I would never allow a school to punish my kid on a non-school day, no matter what they may or may not have done.
So Saturday detention tended to be a thing you'd get sent to if you had a truly outrageous number of absences.
I believe there was a way for situations like serious illness where this rule doesn't apply. But let's be honest, most situations of excessive absences that I saw back in High School were NOT that.
In that sense, your kid isn't really being "punished" by receiving Saturday detention. It's just, the school doesn't have to advance them to the next grade level either if they missed like half the school days for the year and are under the minimum attendance. Like it or not, education in the United States is compulsory and part of that is that there is usually some kind of attendence policy. If you don't like it, then you can homeschool.
I think weekend detention would feel like detention for the teacher/monitor as well.
If you had to work you could get out of it that weekend. You’d still need to make it up and if you worked every weekend maybe you’d get another punishment.
The parents say that the student will suffer irreparable harm from the school’s punishment.
From the article:
> RNH was temporarily held back from joining the National Honor Society and parents want their offspring's academic records cleared of any mention of the incident. In addition, they want the student to receive a B grade for the project and the removal of any indication that cheating was involved.
The school’s defense is that students weren’t allowed to use AI for their research, and that the student failed to cite the AI as a source.
From the article:
> The school argues that RNH, along with his classmates, was given a copy of the student handbook in the Fall of last year, which specifically called out the use of AI by students.
> "RNH unequivocally used another author’s language and thoughts, be it a digital and artificial author, without express permission to do so," the school argues.
> "Furthermore, he did not cite to his use of AI in his notes, scripts or in the project he submitted. Importantly, RNH’s peers were not allowed to cut corners by using AI to craft their projects; thus, RNH acted 'unfairly in order to gain an advantage.'"
To be fair, the question is whether the student handbook's definition of cheating covered using AI.
Of course, the kid is almost certainly already rotten, given his parents couldn't find a better way to resolve this.
If I was handling this, I'd treat it the same as if somebody just copy pasted some text off Google search and didn't cite. I'm not sure I'd give the student a 0. But it wouldn't be a good grade and I'd have to read the paper to see the extent to which Id agree it rises to the level of cheating.
Completely agree with you on all of it, but, to let you know, sometimes there are school-wide policies on plagiarism that teachers have to follow. My highschool made teachers give an automatic 0 for any plagiarism.

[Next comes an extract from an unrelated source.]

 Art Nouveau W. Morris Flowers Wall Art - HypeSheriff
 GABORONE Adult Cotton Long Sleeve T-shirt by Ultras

https://regmedia.co.uk/2024/10/15/dismiss.pdf
The AI policy starts at the bottom of page 5. Students have to mention any use of AI, even generating ideas. They must include an appendix with "the entire exchange, highlighting the most relevant sections" and provide an explanation for how and why everything was used.
It seems overly strict to me, hastily written when ChatGPT became popular perhaps.
Pretty soon most students are going to be say "Hey Siri, help me with my homework it's about X" and get an AI answer - are they all academically dishonest?
The issue here is academic honesty, not necessarily the definition of "AI". Should a student using Grammarly submit all drafts of their work and cite the changes they didn't make? Should students receiving external help in the form of parents and tutors cite that assistance?
I don't think that's necessarily a bad thing in an age when ubiquitous search and the internet democratize access to information resources. It's trivial to duplicate documents today, and It's no more of a burden to students to disclose how they are writing.
When I was growing up, teachers knew families who didn't have a home library or had only one car and didn't live near the library were at a disadvantage, so research periods were granted during class. Essays were written and turned in during class periods, and sudden changes to handwriting or style were easy to catch.
Today, the challenges are different, so it seems fair to change the requirements and criteria in response. I've advised friends in education to try assigning AI generated papers with citations as tests and ask students to correct them and expand them from sources.
Asking Siri whether information matches a particular source still isn't possible, and if you're going to have to go through the effort of compiling a bunch of sources for RAG, I think any student equipped to do that would also find it reasonably more efficient to simply do the work directly.
Let's also be perfectly clear that "Can you help me with homework about X" is probably not the question actually being asked. We know that these questions are just being pasted in verbatim. That is absolutely academic dishonesty.
This case is a little different. But let's not pretend that teachers in many subjects areny being taken advantage of and screwed over by these tools and students willing to use them. I'm sure they are all frustrated and willing to jump the gun against the slightest sign of this sort of thing. Tragedy of the commons situation, it's going to ruin academic culture in the US imo if there aren't extremely strict rules laid down and quickly.
I mean, it doesn't matter in the long run since academia will be as entirely AI driven as education soon enough, and the entire concept of "academic integrity" will be nothing but a quaint atavism from the days when the human in the loop was actually relevant, but yes.